Schöpferische Grenzverletzung
oder: Kunst und Philosophische Praxis

Philosophische Praxis ist keine Technik, sondern eine Kunst. Deshalb ist ein Philosophischer Praktiker ein „Grenzgänger“ zwischen Kunst und Philosophie. „In der Peripherie liegt ein beachtliches epistemologisches Potential“ (Wilfried/Beozzo). Philosophische Praxis muss sich das beachtliche epistemologische Potential zu Nutze machen, das an der Peripherie von Kunst und Philosophie zu finden ist.

Ein Philosophischer Praktiker braucht den Mut zur „schöpferischen Grenzverletzung“. Denn nur, wenn er bereit ist, sich auf den „Grenzstreifen“ zu begeben und die Territorien jenseits der Grenze zu erforschen, die die Philosophie von der Kunst trennt, kann von ihm erkannt werden, was das Proprium der Philosophischen Praxis ist.

Die Antwort auf die Frage der Moderne: Was ist Kunst?, wie sie von Joseph Beuys gegeben wird, ist auch eine Antwort auf die Frage: Was ist Philosophische Praxis?. Denn für den Erweiterten Kunstbegriff von Joseph Beuys, für den jeder Mensch ein Künstler ist, ist es zuallererst die Produktivität des Denkens, die jeden Mensch zu einem Künstler macht. Es ist die Produktivität des Denkens, die einen Philosophischen Praktiker zu einem Philosophischen Praktiker macht. Das rückt nah an Gilles Deleuze und Félix Guattari heran: Denn Philosophie ist für Deleuze und Guattari, was „Denken“ für den Erweiterten Kunstbegriff von Joseph Beuys heißt: „die Kunst der Bildung, Erfindung, Herstellung von Begriffen“ (Deleuze/Guattari). Das Denken ist das Organ der „schöpferischen Grenzverletzung“.
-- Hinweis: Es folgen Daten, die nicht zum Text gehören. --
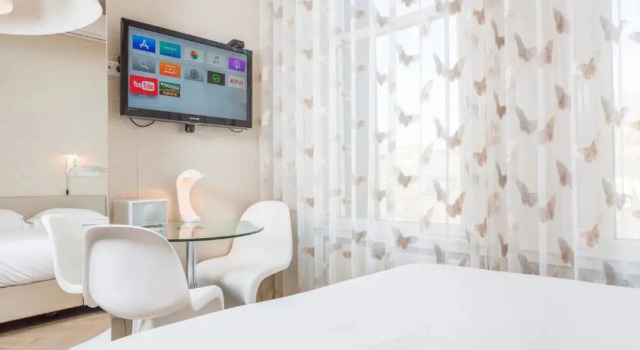 Двухместный номер Standard Amstel Corner Hotel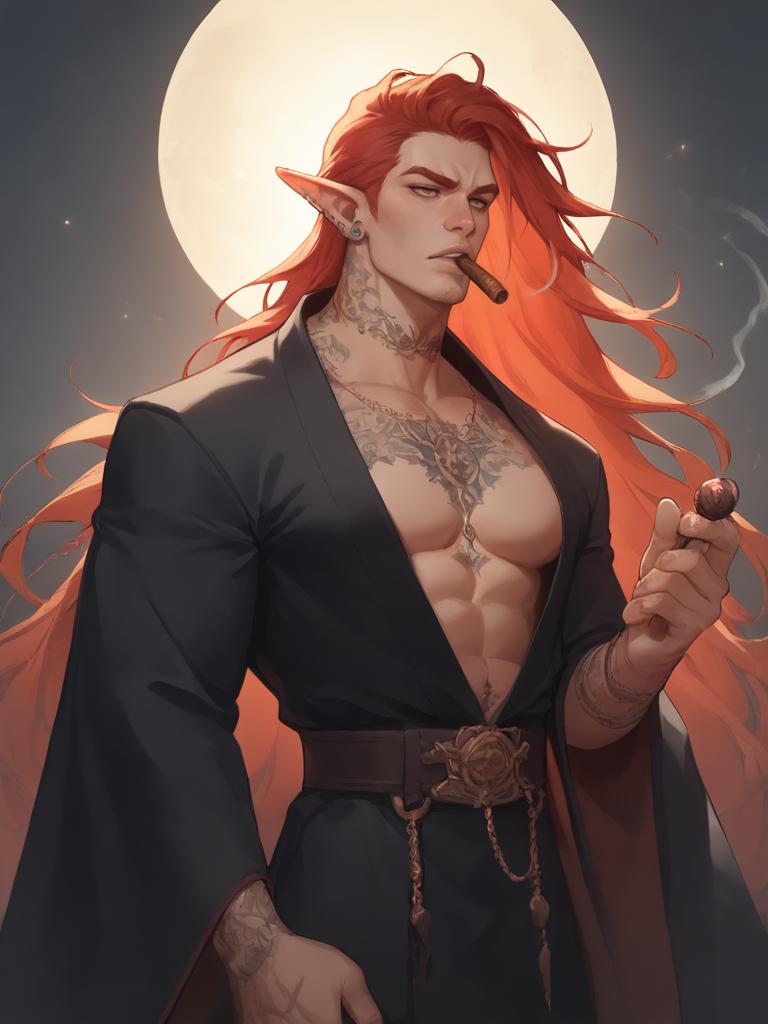 Lennox Castello Avatar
Philosophische Praktiker sind Produzenten von Begriffen. Das Denken eines Philosophischen Praktikers ist produktiv, das die Kunst der Bildung, Erfindung und Herstellung von Begriffen beherrscht. Die Schöpfung oder Erschaffung von Begriffen, nicht die Betrachtung oder Kontemplation von Ideen oder Begriffen, die für sich einen überindividuellen Wahrheits- oder Geltungsanspruch reklamieren, ist das Proprium eines Philosophischen Praktikers. Darum entspricht aber auch das „dialogische Denken“ in einer Philosophischen Praxis nicht dem „sokratischen Gespräch“. Hier steht die Kontemplation einer subjektunabhängigen Wahrheit in der Mitte. Eine Philosophische Praxis ist aber auch nicht der Ort der Reflexion, „weil niemand Philosophie benötigt, um über irgend etwas zu reflektieren.“ (Deleuze/Guattari). Ebenso wenig ist sie aber auch der Ort der Kommunikation, weil das „kommunikative Handeln“ einen Konsens herstellen, aber keine Begriffe erschaffen will.
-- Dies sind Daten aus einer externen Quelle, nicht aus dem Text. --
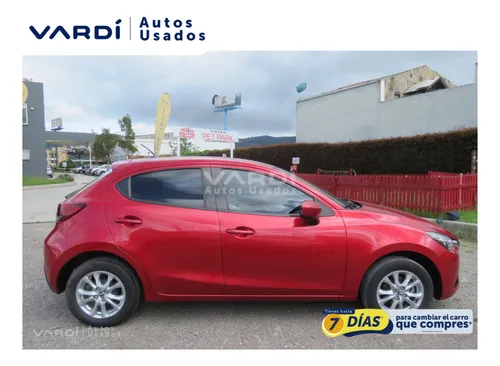 Mazda 2 48563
Der Besucher eines Philosophischen Praktikers, der wie der Philosophische Praktiker ein Künstler ist, ist dort zu einem Opfer seines „Begriffsschicksals“ (Schefczyk) geworden, wo die Produktivität seiner Begriffsbildung blockiert ist. Wenn es für Gerd B. Achenbach in der Beratung darum geht, „Denkblockaden (zu) lockern“, dann heißt dies: In der Philosophischen Praxis geht es darum, die Denkblockaden zu lockern, die das produktive Denken des Besuchers einer Philosophischen Praxis verhindern oder verkümmern ließen.
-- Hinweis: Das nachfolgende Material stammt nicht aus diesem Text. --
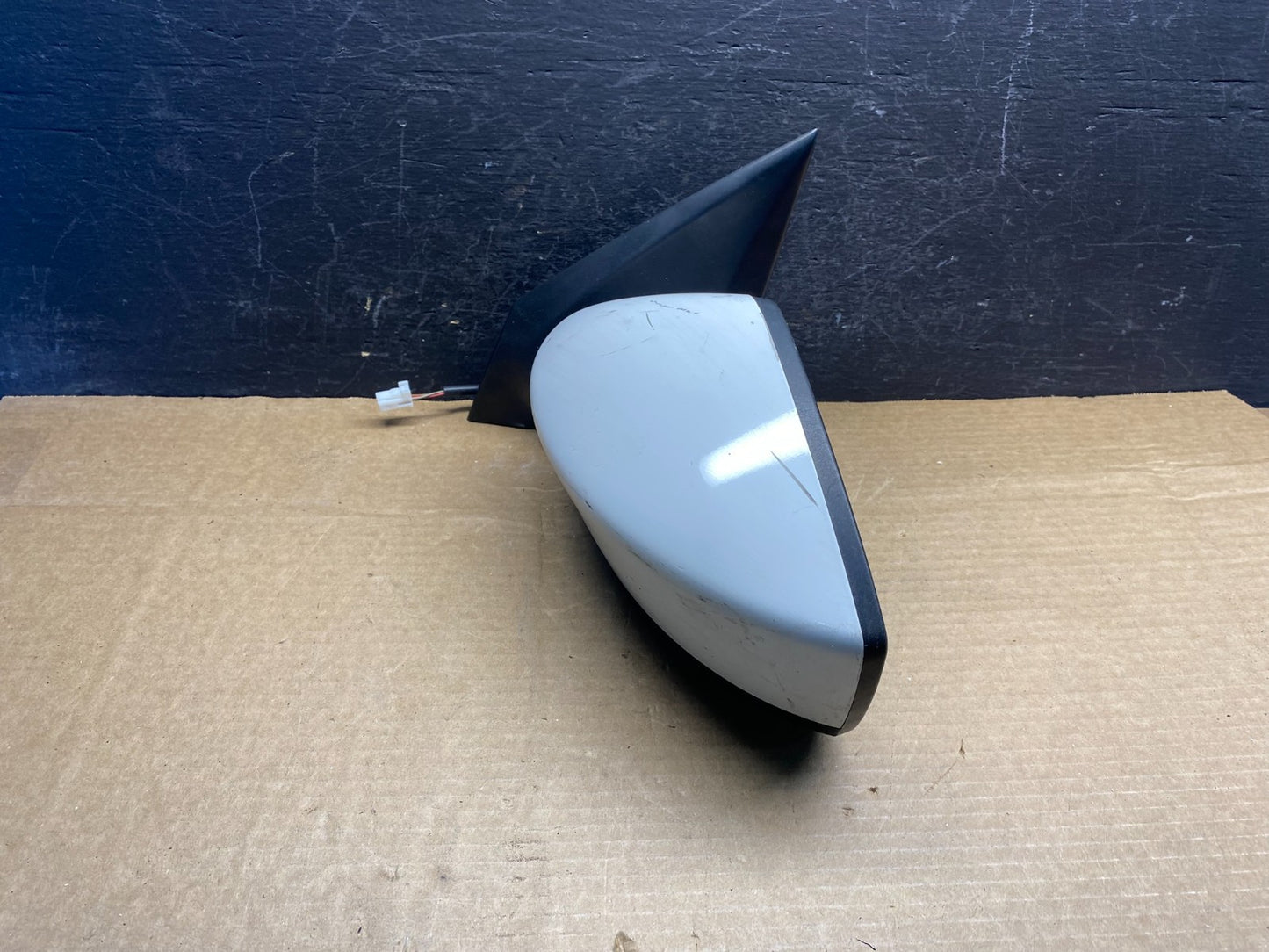 2015 2016 2017 Nissan Versa Left Driver LH Door Mirror AD9693 DW1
„Die Begriffe sind gleichsam die mannigfaltigen Wellen, die sich heben und senken, die Immanenzebene aber ist die eine Welle, von der sie auf- und abgewickelt werden.“ Ich übersetze diese Auskunft von Deleuze und Guattari so: Die Immanenzebene ist das Bewegungsprinzip der Begriffe, das der Sprache und dem Denken entspricht, die bei Joseph Beuys das Bewegungsprinzip der Begriffe sind, die die menschliche Seele in Bewegung setzen. Darum können Deleuze und Guattari sagen: „Die Bewegung ist nicht das Bild des Denkens, ohne nicht zugleich der Stoff des Seins zu sein.“

An der Peripherie von Philosophischer Praxis und dem Erweiterten Kunstbegriff von Joseph Beuys wird klar: Philosophische Praxis ist der Ort der Produktivität des Denkens oder der Bildung von Begriffen, die die Besucher einer Philosophischen Praxis „dephlegmatisiren“
(Novalis) oder die menschliche Seele wieder in Bewegung setzen. Dies kann natürlich nur ein Philosophischer Praktiker, der nicht nur Begriffe zur Verfügung hat, sondern auch die Immanenzebene der Begriffe kennt, die die menschliche Seele in Bewegung setzen. D.h.: Ein Philosophischer Praktiker kennt nicht nur „die Idee der Kraft“ (Stüttgen), sondern er kennt auch „die Kraft der Idee“ (Stüttgen).

Joseph Beuys reagiert mit seinem Erweiterten Kunstbegriff darauf, „dass wir Modernen den Begriff besitzen, aber die Immanenzebene aus dem Blick verloren haben“ (Deleuze/Guattari). Denn Beuys interessiert vor allem das Denken und die Sprache als Bewegungsprinzip der Begriffe.

Diesem Beuys’schen Denken und der Sprache entspricht bei Deleuze und Guattari der „Logos“, der für sie einem „über das Chaos gespannte(n) Sieb“ gleicht. Ich könnte auch sagen: Die Immanenzebene ist das Bewegungsprinzip, das dem „Chaos“ oder der „ungerichteten Energie“ von Menschen eine (neue) Struktur und Richtung gibt.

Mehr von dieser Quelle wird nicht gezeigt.